*** Block opens ***
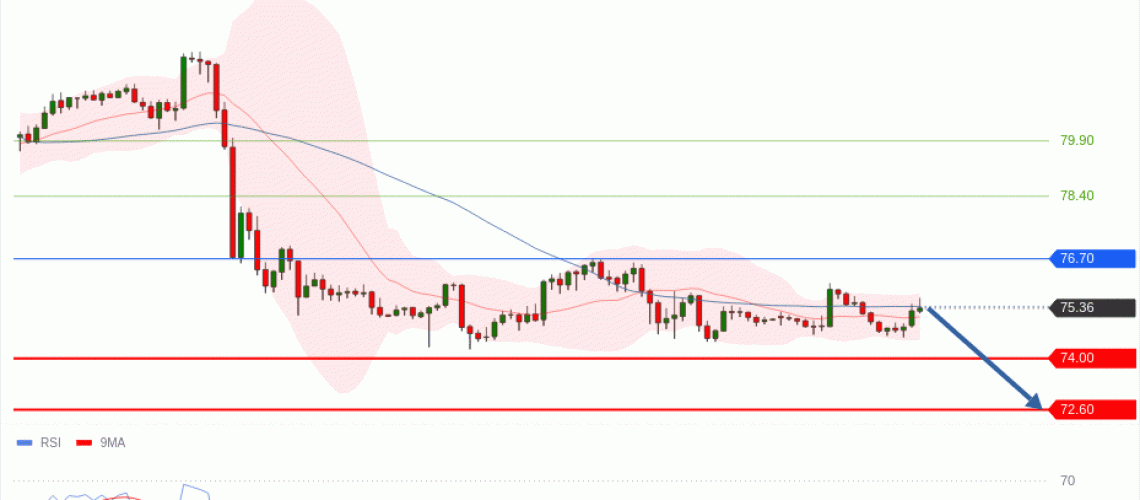 forex-technical-analisys-pivot-points-chart-CRUDE-OIL-WTI-2026-08-06-539e2.gif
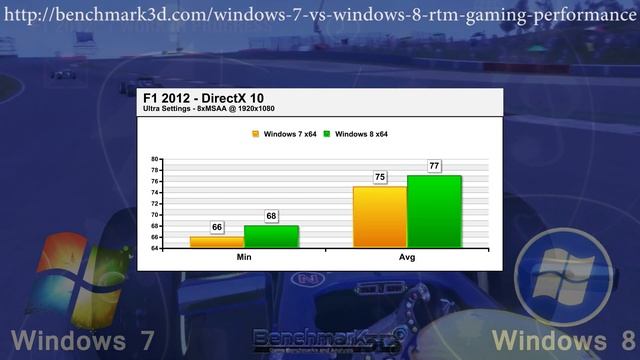 Windows 7 vs Windows 8 RTM: Gaming Performance смотреть онлайн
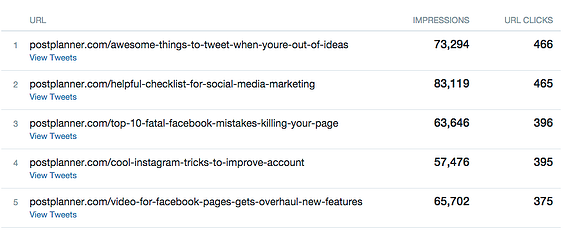 8 Amaze-Balls Things You Can Learn From Twitter's FREE ... 8 Amaze-Balls Things You Can Learn From Twitter's FREE ... - 580 x 240 png 56kB
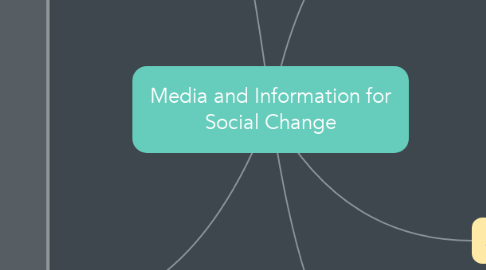 Mind Map: Media and Information for Social Change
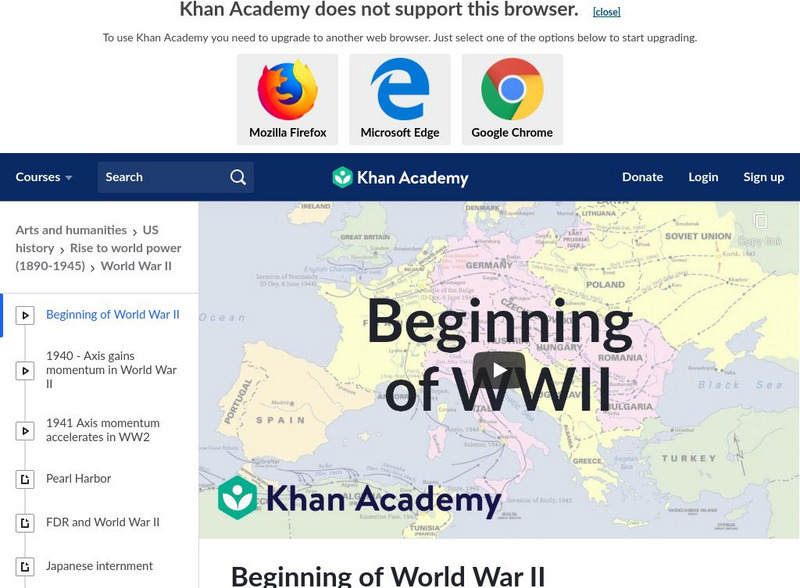 Khan Academy: Beginning of World War Ii Instructional Video Khan Academy: Beginning of World War Ii Instructional Video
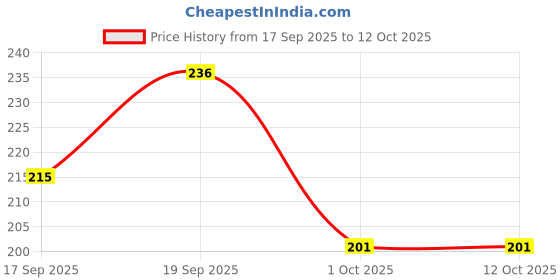 flipkart.com jagat Wall Plant Stand Rack Shelves Particle Board Wall Shelf jagat Price History Graph from 17 Sep 2025 to 11 Oct 2025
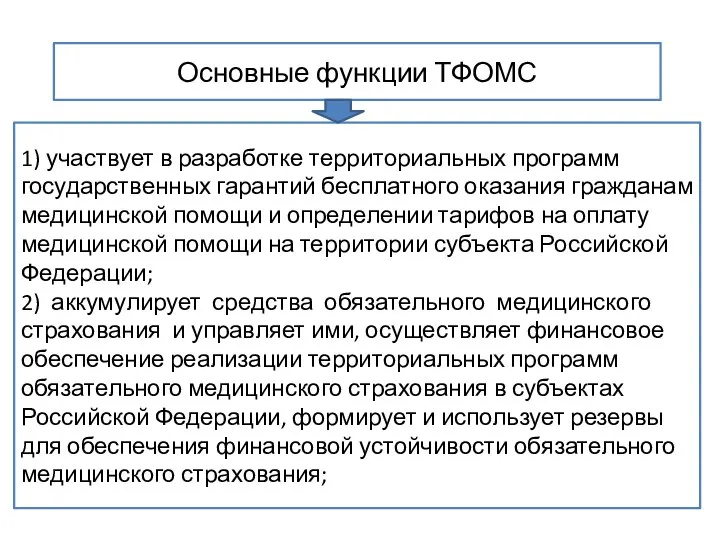 Основные функции ТФОМС 1) участвует в разработке территориальных программ государственных гарантий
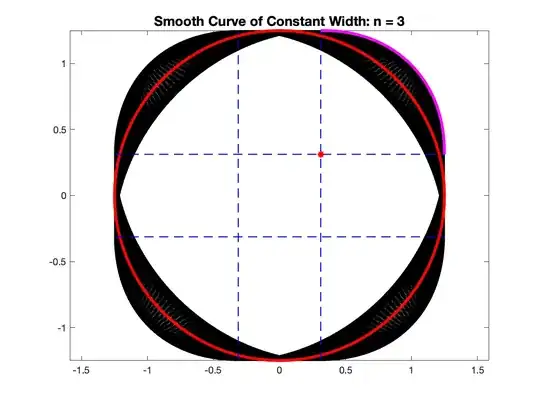 ConstWidthCurves: n=3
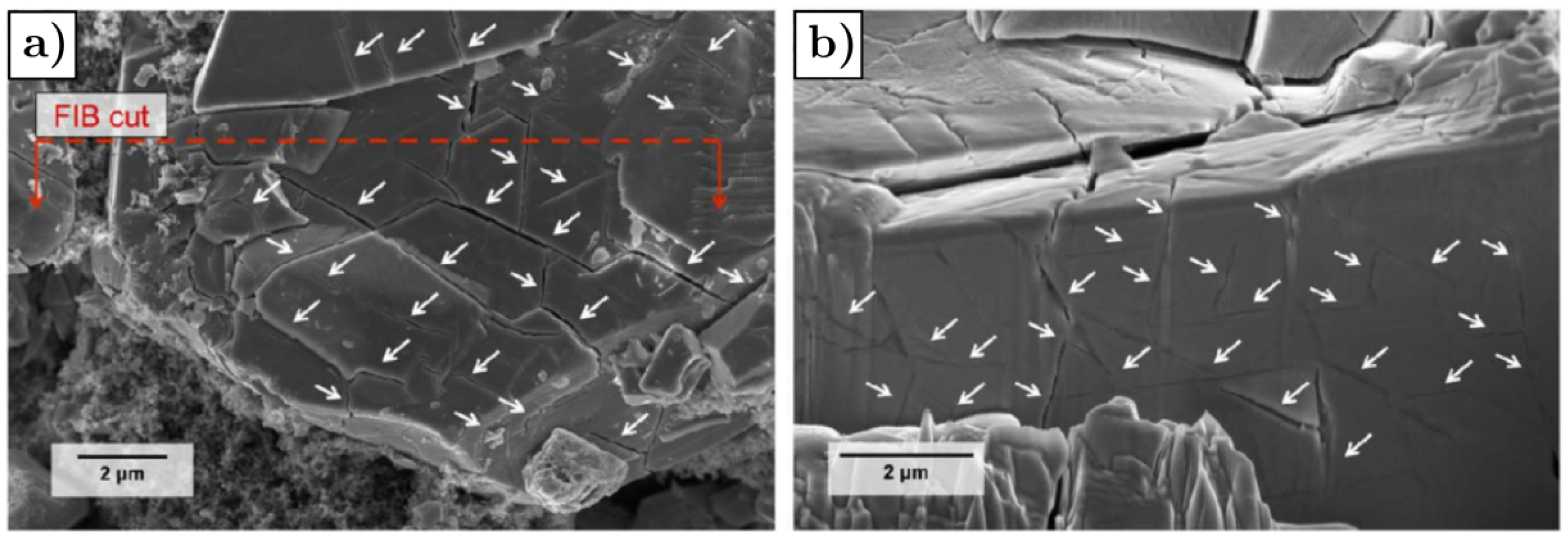 Energies 15 09168 g012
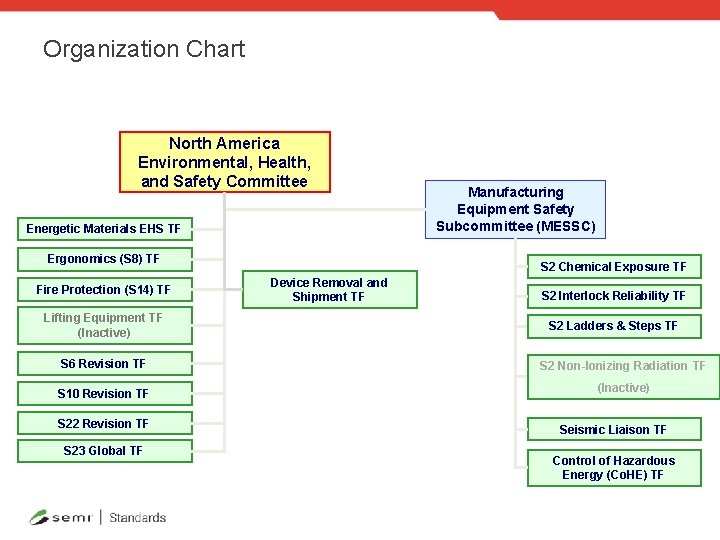 Organization Chart North America Environmental, Health, and Safety Committee Energetic Materials EHS TF Ergonomics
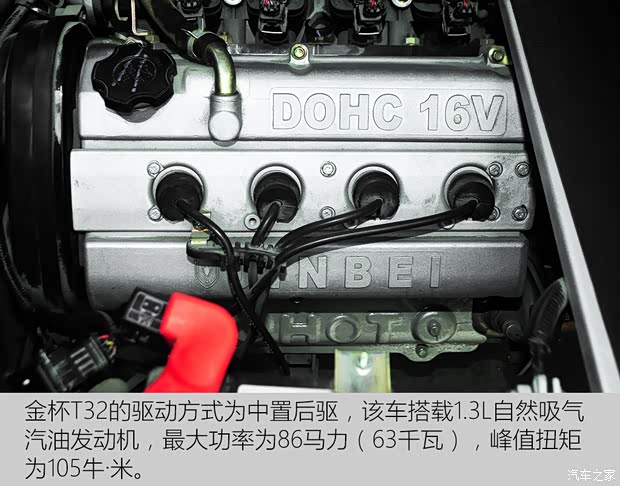 华晨鑫源 金杯T32 2015款 1.3L 标准型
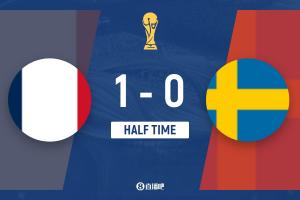 半场-法国暂1-0瑞典 姆巴佩1V2破门+中柱奥利塞天秀倒钩中柱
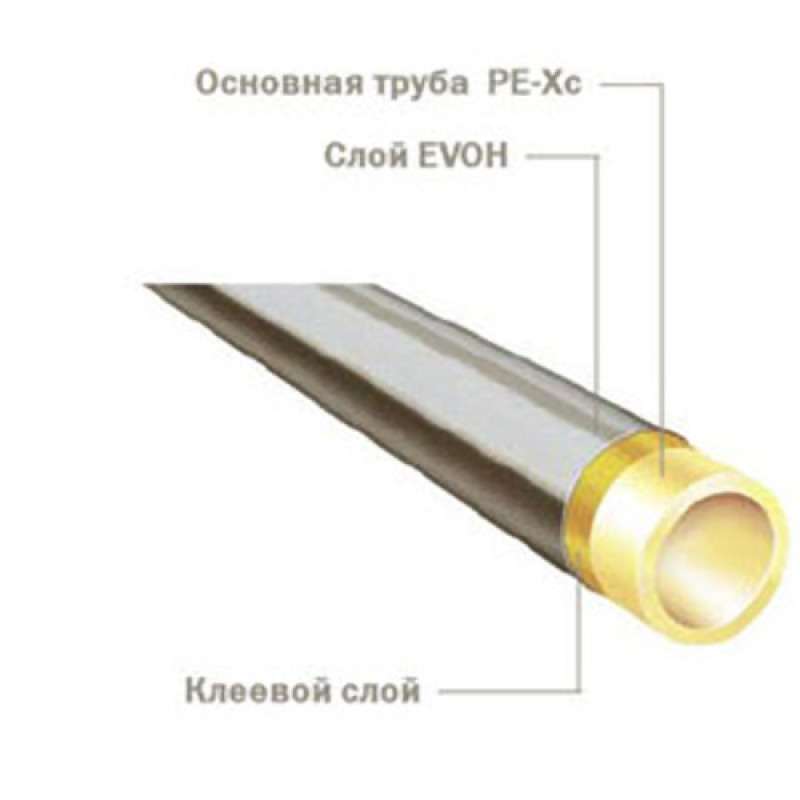 Труба TECEflex PE-Xc/EVOH 16 x2,0 (702016) для систем отопления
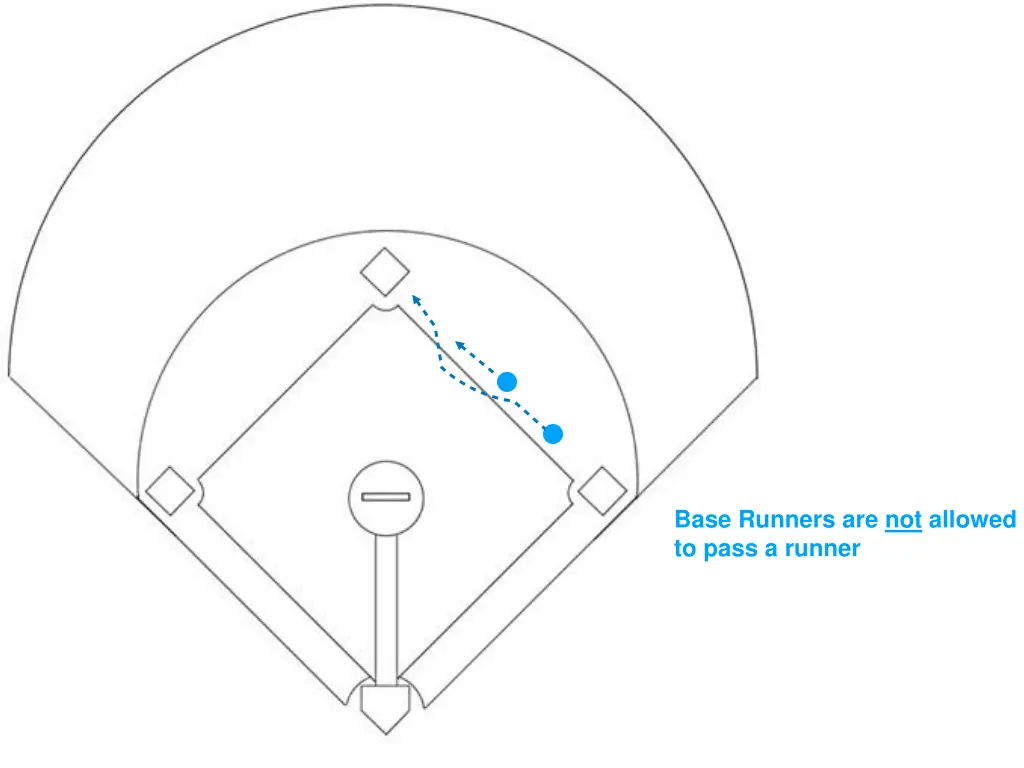 base runners are not allowed to pass a runner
*** Block closes ***
THE TASK - Pictures are not part of the answer. Restate word for word the lines from the one with "半场-法国暂1-0瑞典 姆巴佩1V2破门+中柱奥利塞天秀倒钩中柱" through the last line of the records.

EXERCISE RESULT -
 半场-法国暂1-0瑞典 姆巴佩1V2破门+中柱奥利塞天秀倒钩中柱
 Труба TECEflex PE-Xc/EVOH 16 x2,0 (702016) для систем отопления
 base runners are not allowed to pass a runner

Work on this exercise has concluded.